Mónica explica que, embora grande parte dos manifestantes e pessoas que apoiaram as passeatas não tenham sido presas nos primeiros meses, “muitos ficaram assustados e passaram a temer que em algum momento fossem identificados em vídeos e então fossem detidos”.
Alina Castillo, atriz de 28 anos, chegou a Miami em abril, após uma odisseia de 14 dias pela América Central, semelhante à da maioria dos cubanos que chegaram nos EUA este ano.
“Não saí por falta de comida, mas pelas limitações impostas por eu não concordar com o governo cubano. Eles não permitiam a liberdade de expressão de artistas e intelectuais. Não tínhamos o direito de criar um espaço privado para nos expressarmos.”
“Vi que, em alguns anos, minha carreira seria interrompida pelo fato de pensar diferente ou de ter participado de alguma manifestação. Eu já sentia que falar o que eu queria poderia causar problemas, até para o meu grupo de teatro”, diz a atriz.
3. Visto ampliado para a Nicarágua
O passaporte cubano é um dos mais restritos do mundo, tendo isenção em menos de 30 países.
Um deles é a Nicarágua, já que em novembro de 2021, os governos de Daniel Ortega e Miguel Díaz-Canel assinaram um acordo para permitir que os cubanos entrem livremente no país centro-americano como turistas.

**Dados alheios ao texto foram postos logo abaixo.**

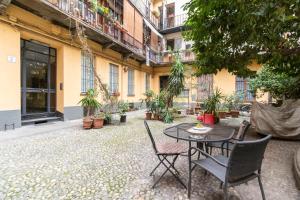 un patio con tavolo e sedie di fronte a un edificio di Piazza Statuto Comfy APT - with 2 Balconies a Torino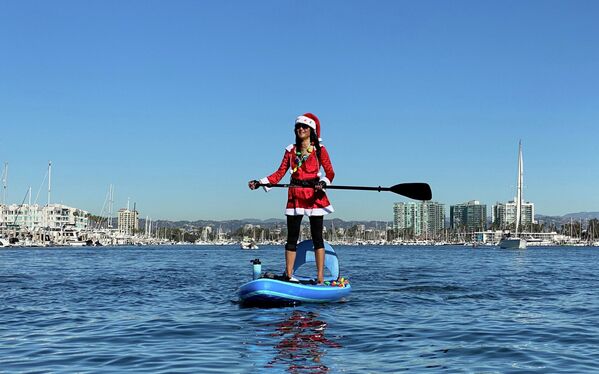 Una joven vestida de Santa Claus practica el surf de pala cerca de la costa de Los Ángeles, California. - Sputnik Mundo
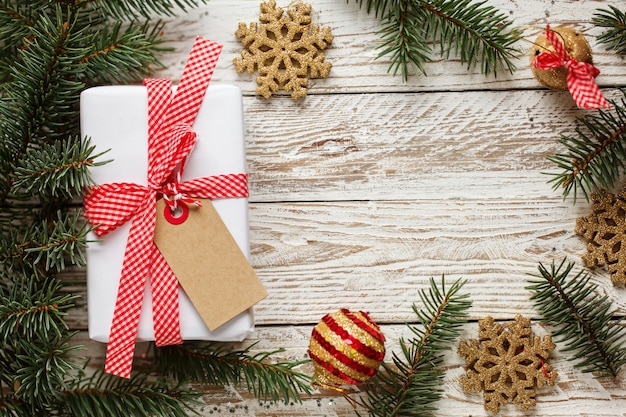 Caja de regalo de vacaciones. Regalo de Navidad con etiqueta en el fondo blanco de madera.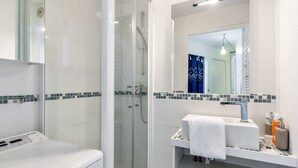 A modern bathroom with a glass-enclosed shower, a white sink with a mirror above it, and a toilet. - Bourgeois apartment (Trouville-sur-Mer)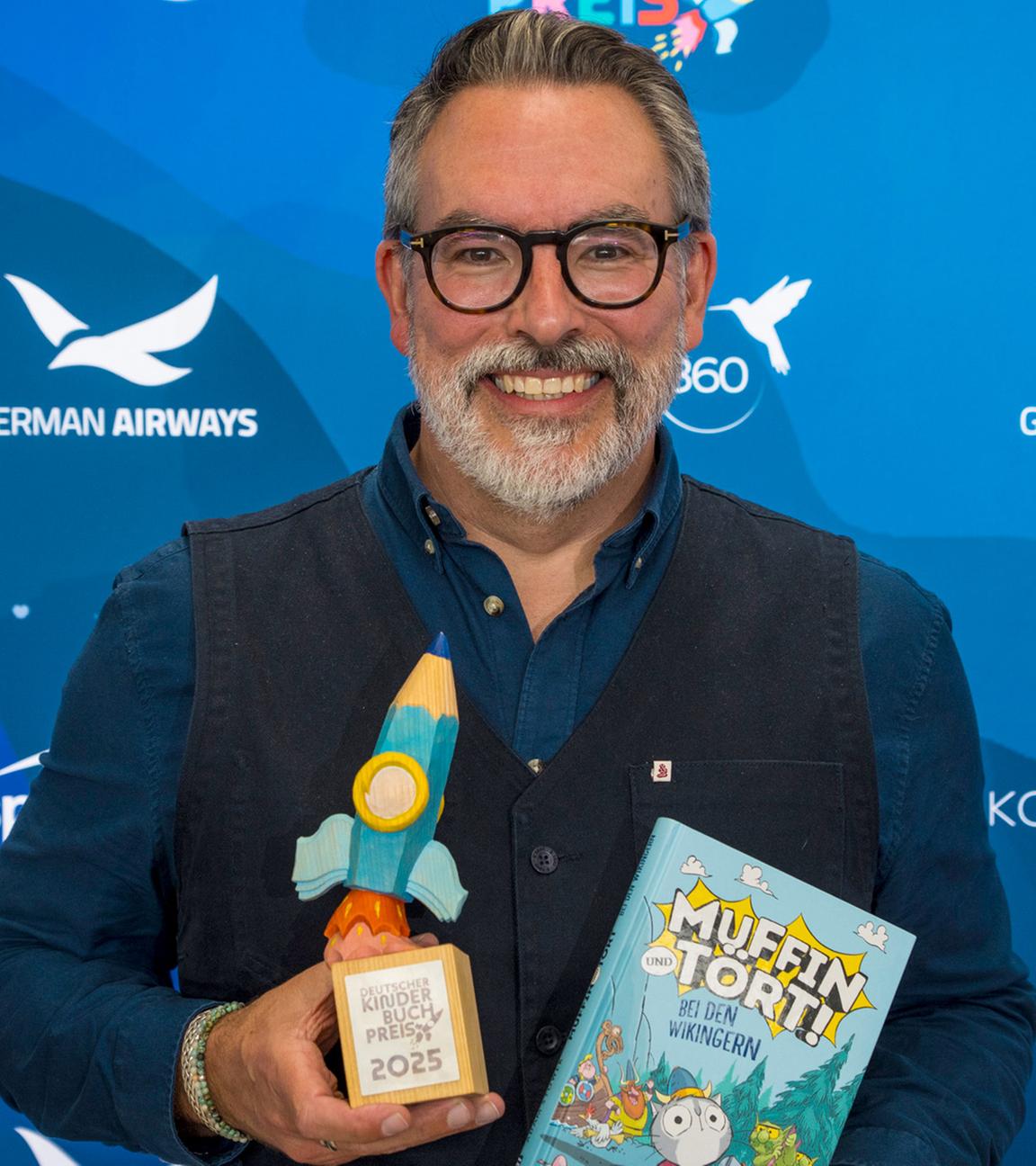 Der Autor Adam Stower hält sein Buch ""Muffin und Tört - Bei den Wikingern" und eine Preistrophäe in den Händen.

Esta se tornou, então, a principal porta de entrada pelo continente para aqueles que visam chegar aos Estados Unidos.
Alguns especialistas acreditam que o acordo com a Nicarágua foi uma manobra intencional do governo cubano para dar uma válvula de escape para a população e aliviar as pressões internas em um momento de forte insatisfação pela escassez e repressão.
“O governo cubano continua usando politicamente a migração de forma instrumental, transformando-a em uma ferramenta para neutralizar as pressões e descontentamentos internos. Também é um mecanismo de negociação com os governos da região”, analisa a socióloga Elaine Acosta.
Isso, juntamente com alguma ajuda governamental na alimentação e na saúde, permite que os recém-chegados garantam seu sustento.
Além disso, a Lei de Ajuste Cubano concede aos migrantes de Cuba um tratamento preferencial em relação aos de outros países: se eles passarem pelo menos um ano e um dia no país, já podem começar os trâmites para fincar residência e, em poucos anos, poderão se tornar cidadãos.
“Os privilégios que os migrantes cubanos desfrutam, tanto em termos de admissão preferencial quanto de assistência na chegada, criaram incentivos para que eles deixem Cuba em direção aos Estados Unidos”, explica William Leogrande, professor da Universidade Americana em Washington e especialista nas relações Cuba-Estados Unidos.
A BBC News Mundo pediu posicionamento do governo cubano sobre a atual onda migratória, mas não obteve resposta.